Peloton Sees Consensus Targets Tumble Amid Recalls

Peloton Interactive (NASDAQ: PTON) investors had a very rough week last week after falling almost 16% after the company recalled 125,000 Tread+ products, then on Thursday, it reported its fiscal third-quarter results. Its third-quarter results came in above analysts’ expectations.
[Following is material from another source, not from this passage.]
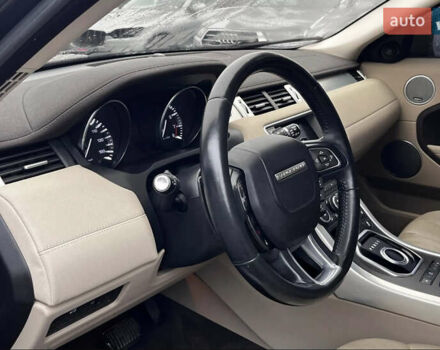 Чорний Ленд Ровер Рендж Ровер Евок, об'ємом двигуна 2 л та пробігом 144 тис. км за 12600 $, фото 12 на Automoto.ua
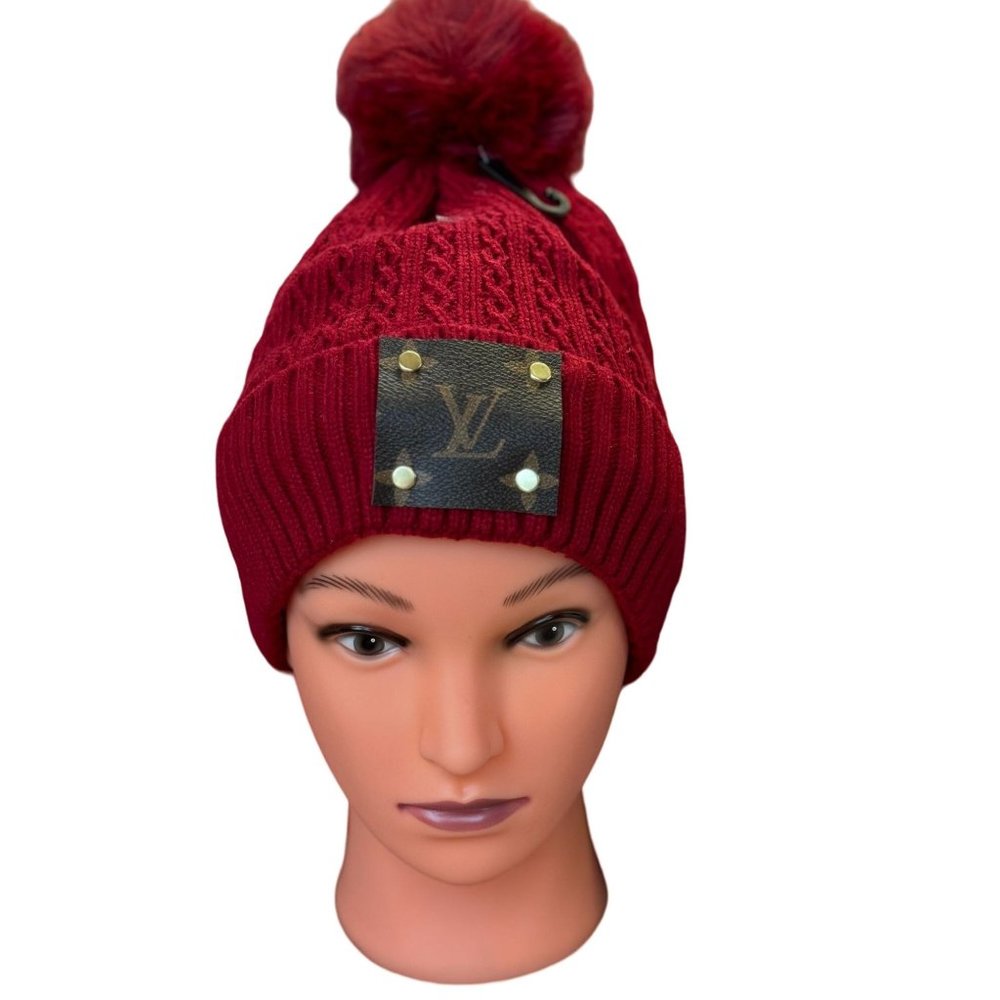 Women's Beanie Single Pom Lined Burgandy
The company announced third-quarter revenue of $1.262 billion, and a gross margin of 35.2%. Net income for the quarter was $(9) million, or a (0.7)% net margin, and earnings per share of $(0.03).

A number of analysts lowered their price targets off the back of Peloton earnings, bringing their average 12-month price target lower from $158.67 to $141.79 from a total of 28 analysts who cover the name.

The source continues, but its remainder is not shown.